I see George H.W. Bush through my Panamanian eyes, and the deaths he caused were unforgivable
I remember it like it was yesterday. I received a call from a friend. He was born in Panama of Panamanian parents like I was. We went to school together, and both came to America. He joined the military. I went to the University of Texas at Austin. We both became naturalized citizens. Most of us expats believe he is now was a “U.S. spy,” we think. After all, he never told us what he did for the government. But he was all over Latin America, and other places. That day he called me. It was just a few days before Christmas.
“Egberto, it is going down today,” my friend said. “You did not hear it from me.”
By then I had already known something was going down. Folks in Panama were calling their relatives in the U.S. asking if they knew anything. They said planes (likely C-5s and C-130s) were landing at the U.S. Air Force Bases in the Canal Zone in Panama every few minutes, one after another.

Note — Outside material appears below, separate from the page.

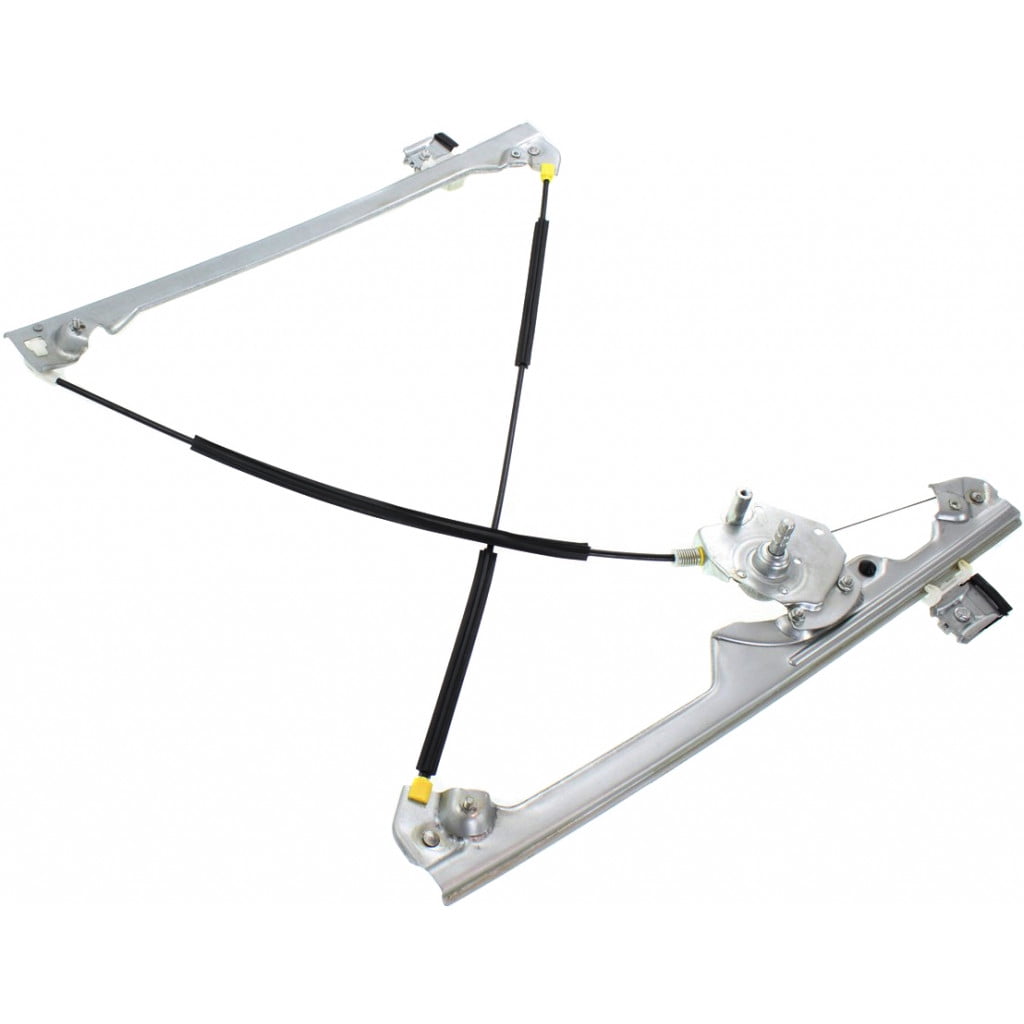New Front Left Driver Side Manual Window Regulator For 2007-2013 Chevrolet Silverado 1500 GMC Sierra 1500 Excludes 2007 Cl GM1350182 20914715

We knew it was coming. The United States military never allowed anything to get out of hand from its point of view in its “colony,” the Canal Zone in Colombia. Oops, I mean the U.S.-instigated-country-to-build-a-canal, Panama. What we did not know is how ferocious it would be.
Sometime after 12 AM on December 20, 1989, all hell broke loose in the cities of Colon, Panama City, and David. The American military targeted the three main Panamanian cuarteles (or barracks) in the provinces of Colón, Panama, and Chiriquí respectively.
The cuarteles in Colón and Panama City are in densely populated areas. Missiles from many understood-to-be the-test-run of the stealth fighter along with helicopters and C-130 gunships decimated the cuarteles and the surrounding buildings and tenements. Thousands of poor people live nearby, and the bombing and missile attacks decimated them. There was no way to get an accurate count of the dead nor was there any interest in doing so, they were just hauled off and dumped like debris.
During the hours of hell, my dad, rest his soul, was running around in his house in Arco Iris scared to death, less than three miles from the concentrated bombings and missile attacks. Then there was one tall building, a 15-story building that the military claim had snipers aiming at their flying assets. They sent missiles into that building where civilians lived.
During the occupation portion of the invasion, the military blocked the movement of people from Arco Iris to Colón. Unable to speak Spanish they opened fire on a Panamanian attempting to go into Colón to get insulin to his wife. Many atrocities were committed throughout the country.